Now, for the other ethics complaints.
#1 – Frank Gwartney
Frank Gwartney, a retired lineman here in Anchorage filed a complaint based on the following statute in the Executive Branch Ethics Act:
Sec. 39.52.120. Misuse of official position
(a) A public officer may not use, or attempt to use, an official position for personal gain, and may not intentionally secure or grant unwarranted benefits or treatment for any person.
(b) A public officer may not
(3) use state time, property, equipment, or other facilities to benefit personal or
financial interests;Gov. Palin attempted to and in fact did use her official position for personal gain by securing unwarranted benefits for her daughters by, among other things: charging the state for her children to travel with her to events that they were not invited to and to which their presence served no legitimate state purpose or business. Gov. Palin later amended travel expense reports to give the appearance that the presence of her daughters at these events constituted legitimate official and/or state business.
That’s right. It’s probably known to you as “Travelgate”. Read the nitty gritty on Progressive Alaska.
#2 – Zane Henning
Henning is a resident of Wasilla, who works on the North Slope oil fields to pay the bills, and in his free time, he’s one of those engaged citizens who is paying attention and taking action. And he doesn’t like what he sees coming from the Governor.

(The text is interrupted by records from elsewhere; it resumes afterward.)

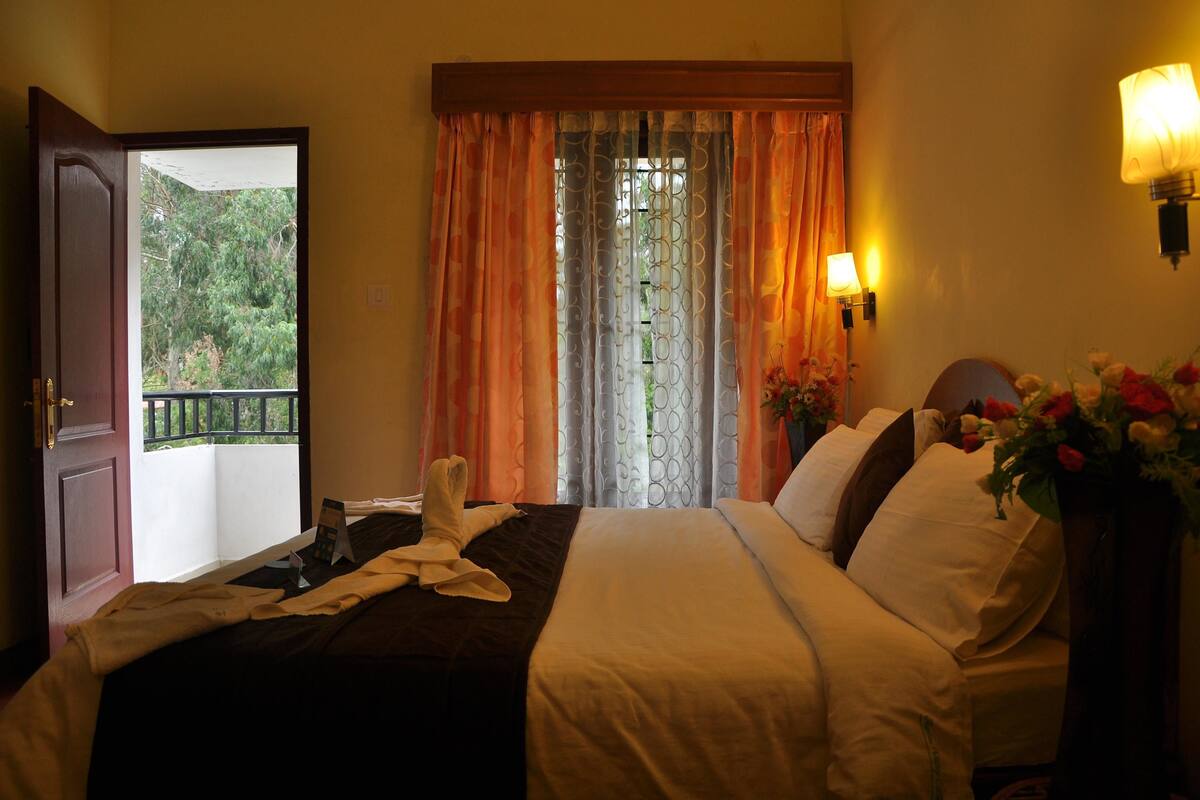 Standard Double or Twin Room, Private Bathroom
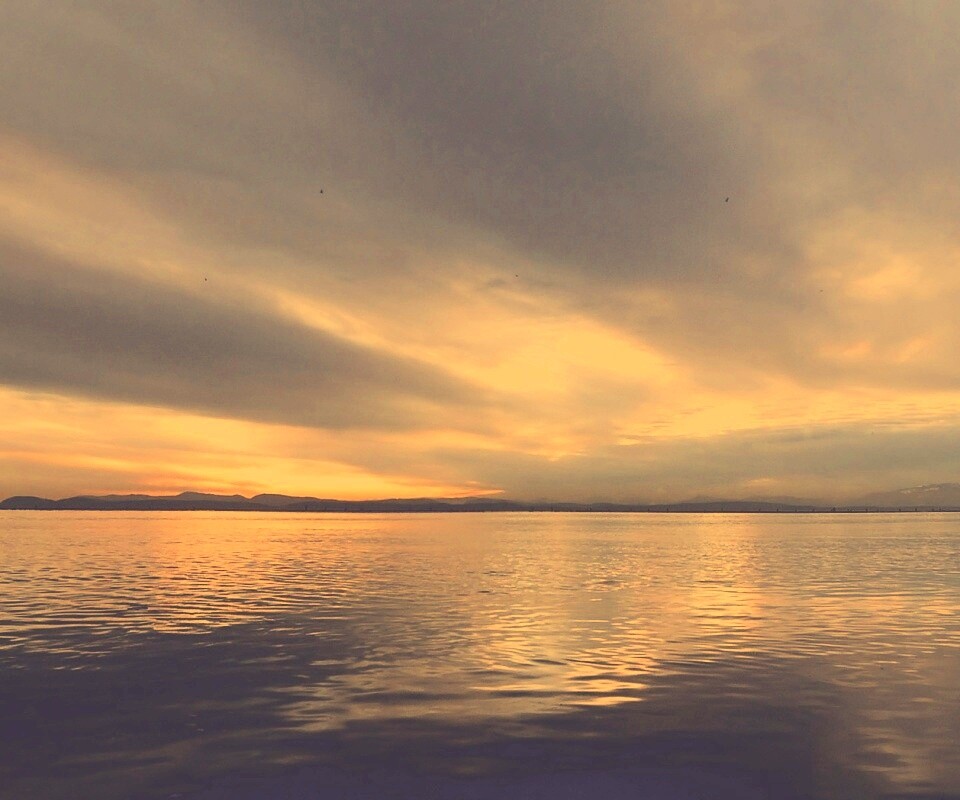 Живописное озеро обои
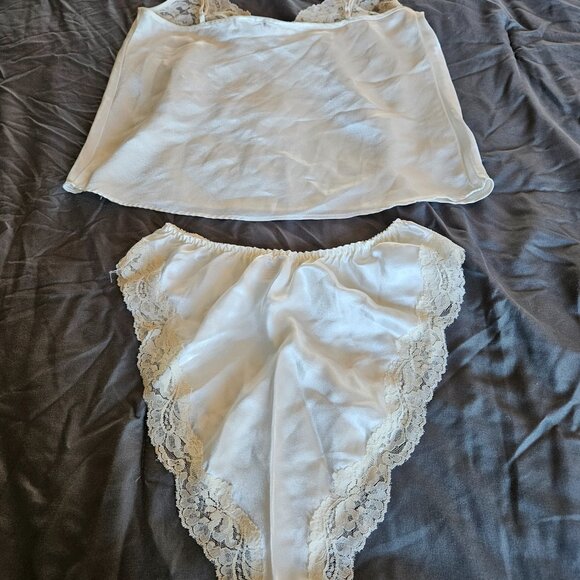 Victoria's Secret Satin and Lace Cami Set - Picture 2 of 2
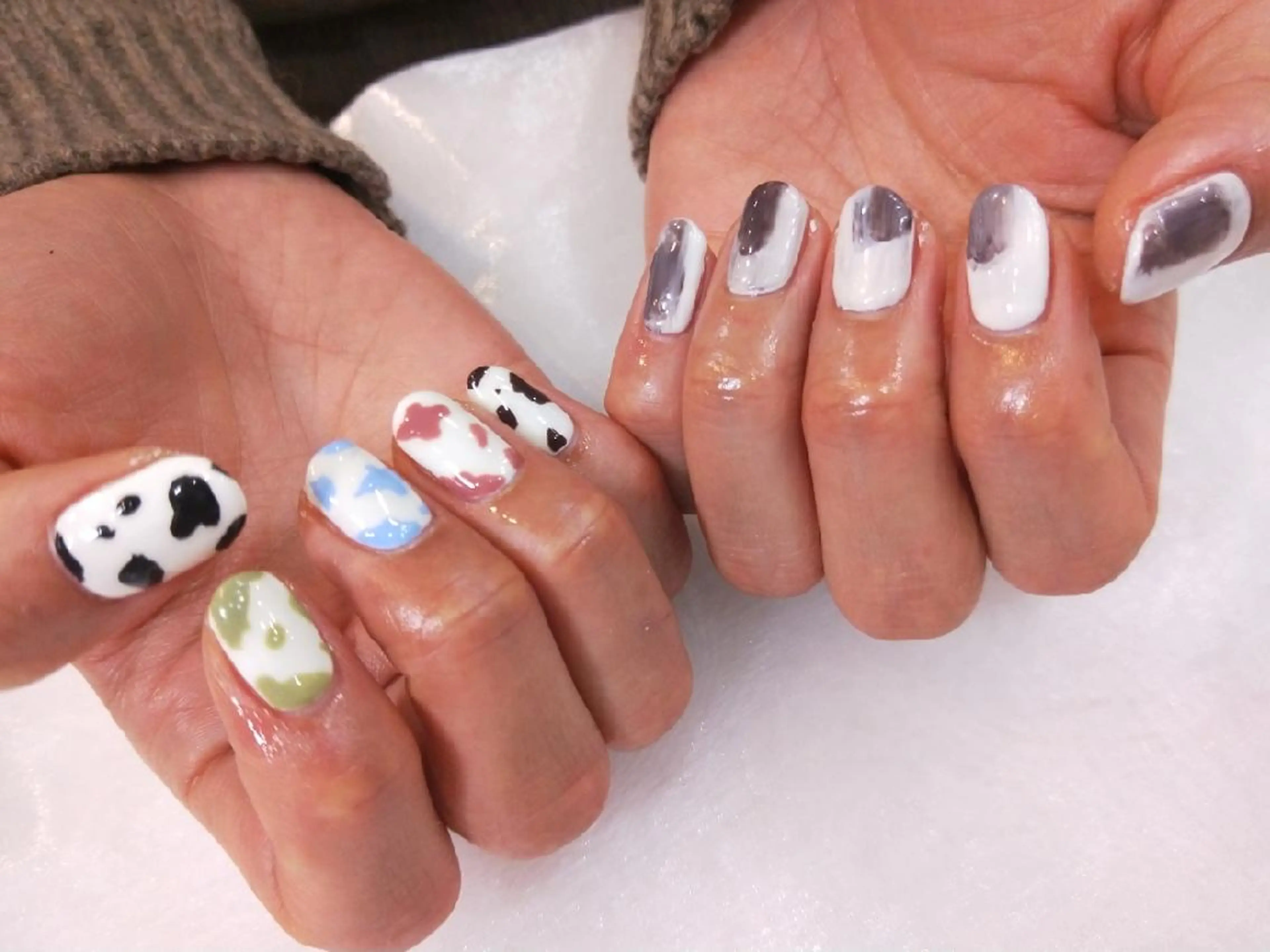 ネイル ハンドネイル ハンドケア R'well所属・はばすみれ🎀ﾈｲﾙ 光ﾌｪｲｼｬﾙ ﾍｱのネイルデザイン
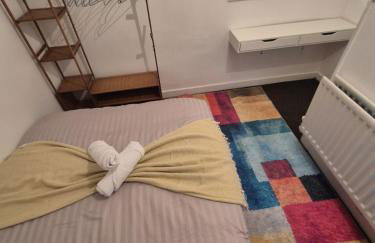 COZY Apartment 4 - Photo 30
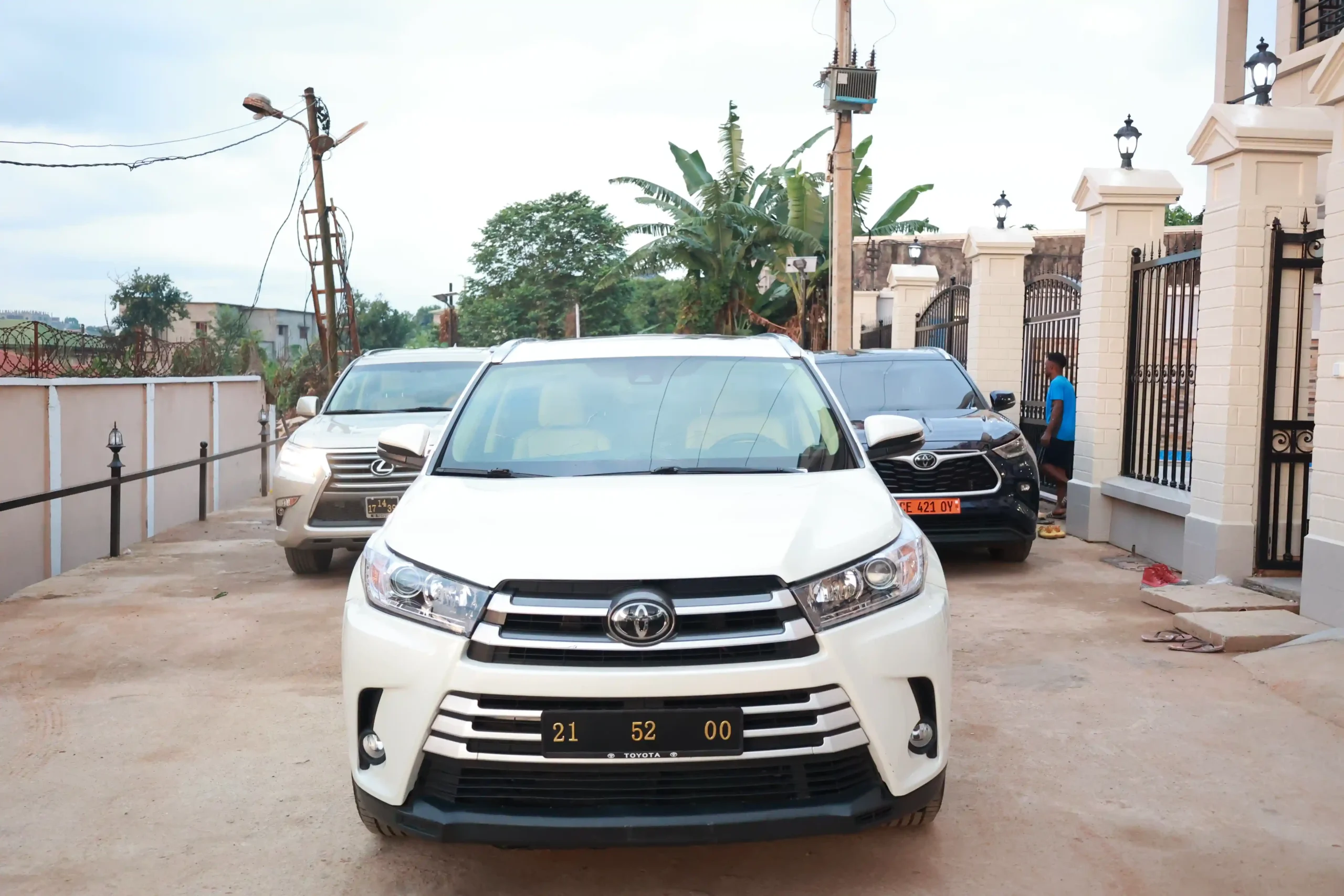 Airport transfer and car rental service for serviced apartments Yaoundé near Nsimalen Airport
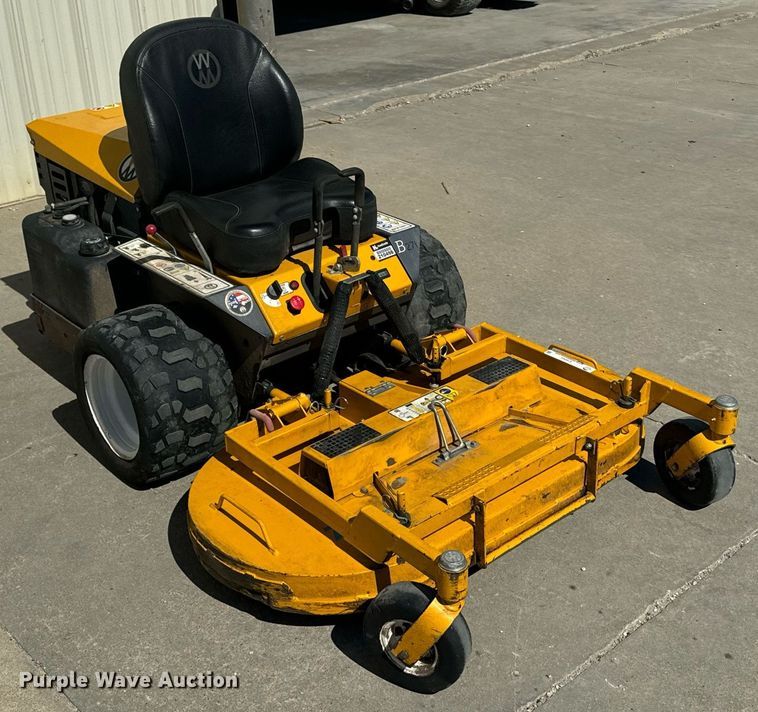 image for item EI4044 2022 Walker B27i ZTR lawn mower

As Sarah Palin settles back into her job as the state’s chief executive, a new ethics complaint filed Tuesday says she’s already improperly mixing her official duties and broader political ambitions.
The charge: That Palin broke state ethics rules by holding national television interviews about her run for vice president from the governor’s office.
The complaint comes as Palin’s personal life, her prospects as a future presidential candidate and everything she says and does continues to draw headlines.
Zane Henning, a North Slope worker from Wasilla, said he filed the complaint with the attorney general. He says Palin is promoting her future political career on state property, pointing in particular to the governor’s Nov. 10 interview with Fox News Channel host Greta Van Susteren.
“The governor is using her official position and office in an attempt to repair her damaged political image on the national scene,” Henning wrote.
The Palin camp, besieged by interview requests, said the governor was no longer a candidate at the time of interviews, but otherwise had little to say about the complaint.
“The consideration of complaints under the executive branch ethics act is a confidential process, by law,” wrote Palin spokesman Bill McAllister.
“The governor will respect that legal requirement for confidentiality, even if others do not.”
#3 will surely follow.
And you know how, in movies, when there’s something under water that’s about to rise to the surface and wreak havoc…there are those little bubbles that rise to the surface….and then they start to get bigger….
Well, there are bubblings. There were little bubbles a couple weeks ago, and they’re getting bigger. I’ll report as things develop, but suffice it to say that those bubbles are the byproduct of grass roots organization. It’s a beautiful thing.